As one might expect, our first screen of mutants showed some mutants with a decrease in activity from the wild-type, some showed no change, and some actually showed great increase in activity. One single point mutant showed close to a 1000% increase in activity from wild-type Kumamolisin!


Over 100 unique mutants were screened with a whole cell lysate assay for improved activity on the PQLP model substrate.

Purifying and characterizing promising mutants for accurate rate comparison

Once we had identified mutants that showed a promising increase in activity from the wild-type kumamolisin, we purified and characterized activity in concentration controlled fluorescence assays, identical to the fluorescence system used for the whole cell lysate assay.
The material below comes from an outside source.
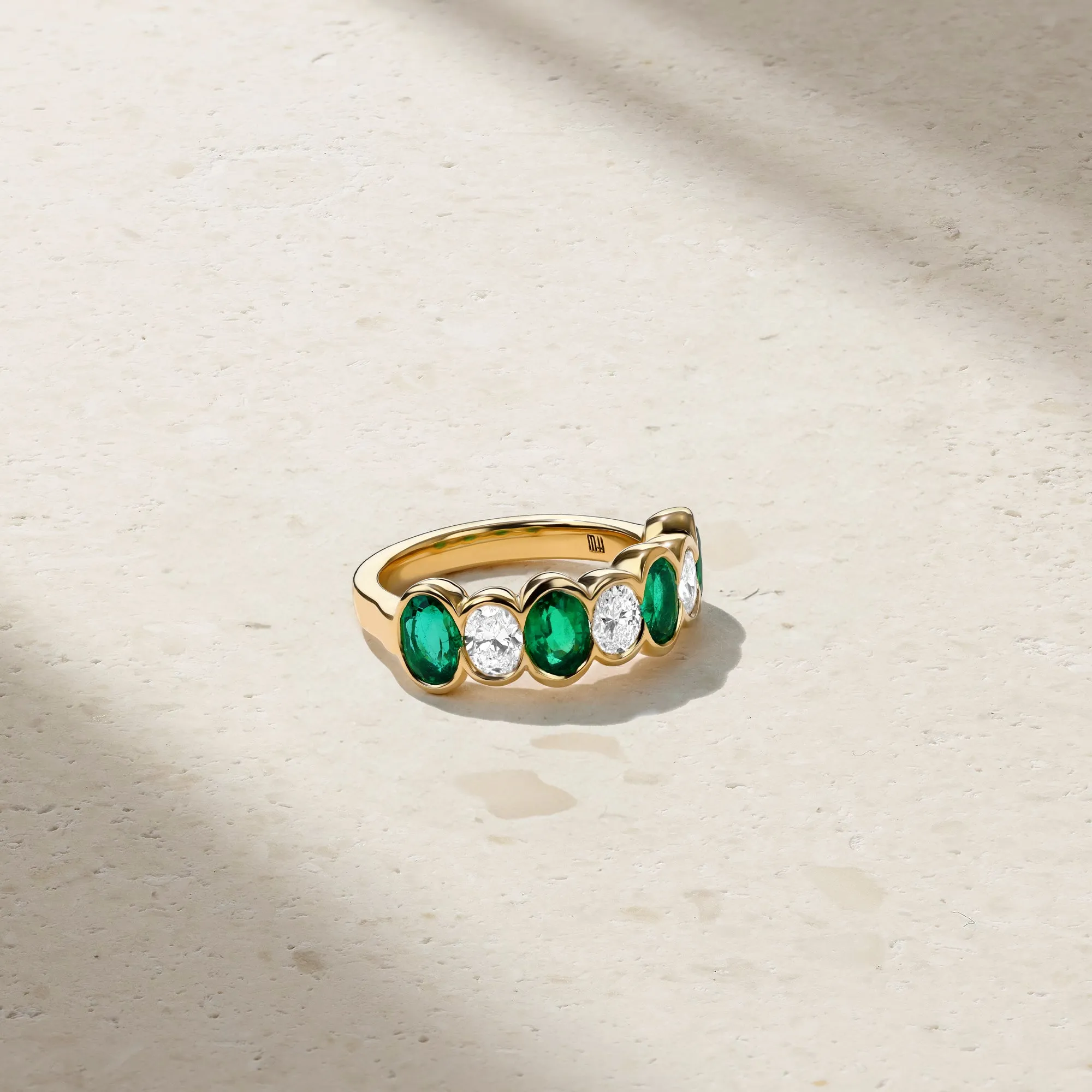 Sculpted Oval Emerald and Diamond Alternating Band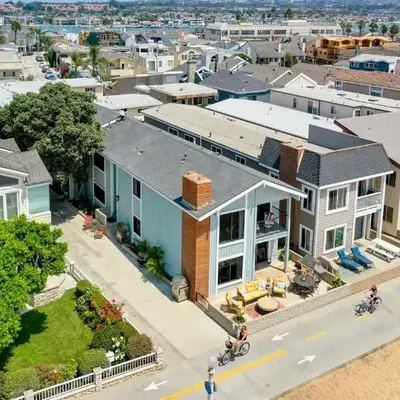 2 Homes Rented Together on the Oceanfront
Our best mutant demonstrated an 11-fold increase in activity from the native enzyme.


We narrowed this down to a few of our best mutants.

Creating combinatorial mutants by combining successful mutations

In order to achieve even more rate improvement from the native, we repeated our mutagenesis, this time taking successful mutations and adding them all to make combinatorial variants. By combining two of our top groups of mutations from the first round, we achieved an over 100-fold increase in activity on breaking down PQLP from the wild-type enzyme. This variant enzyme is ultimately 784 times better at breaking down PQLP than SC PEP, the enzyme currently in clinical trials for treating gluten intolerance!


Our final engineered enzyme showed activity over 100 fold higher than wild type Kumamolisin, and ~700 fold higher than SC-PEP.